Softmax Function for a Probability Vector

mbehzad · October 23, 2020, 7:48am

Hi,
I know that the softmax function outputs probabilities with sum equal to 1. However, if we give it a probability vector (which already sums up to 1) , why does not it return the same values? For example, if I input [0.1 0.8 0.1] to softmax, it returns [0.2491 0.5017 0.2491], isn’t this wrong in some sense?

learner47 · October 23, 2020, 7:59am

It is because of the way softmax is calulated. When you compute exp(0.1)/(exp(0.1)+exp(0.8)+exp(0.1)), the value turns out to be 0.2491.

mbehzad · October 23, 2020, 8:02am

Thanks for the answer. Yeah yeah that I know. But my question is, isn’t it wrong in some sense?

Abhilash_Srivastava · October 23, 2020, 8:35am

Softmax is an activation function. The purpose is not just to ensure that the values are normalized (or rescaled) to sum = 1, but also allow to be used as input to cross-entropy loss (hence the function needs to be differentiable).

For your case, the inputs can be arbitrary values (not necessarily probability vectors). It is possible that there’s a mix of positive and negative values which still sum = 1 (eg: [0.3, 0.8, -0.2].
Since softmax picks the class with the highest value, with the values being softly rescaled, hence the name ‘soft’-‘max’.

KFrank · October 23, 2020, 2:17pm

Hi mbehzad!

Well, I suppose it depends on what your expectations are …

But you might wish to base your expectations on some other functions:

x**2 maps (-inf, inf) to [0.0, inf), but we don’t expect x**2 = x
to hold true for x >= 0.0, that is for values of x in [0.0, inf).

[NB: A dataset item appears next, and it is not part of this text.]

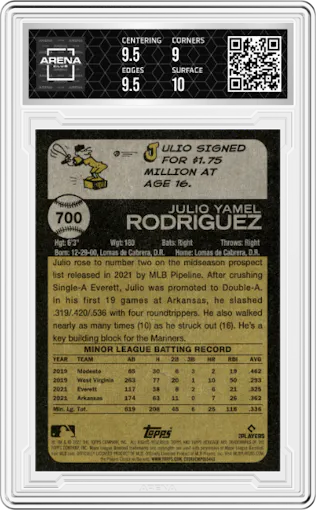 Julio Rodriguez from the 2022 Topps Heritage High Number set graded by Arena Club and given an overall grade of 9.5.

Or, back in the pytorch activation function world, torch.sigmoid() maps
(-inf, inf) to (0.0, 1.0), but torch.sigmoid (torch.sigmoid())
isn’t equal to torch.sigmoid().

Here’s another thing to consider:
softmax ([0.0 + delta, 1.0 - delta])

How would you like softmax() to behave when a negative delta
becomes zero and then crosses over to become positive? Bear in
mind, you want this behavior to be usefully differentiable to support
backpropagation.

K. Frank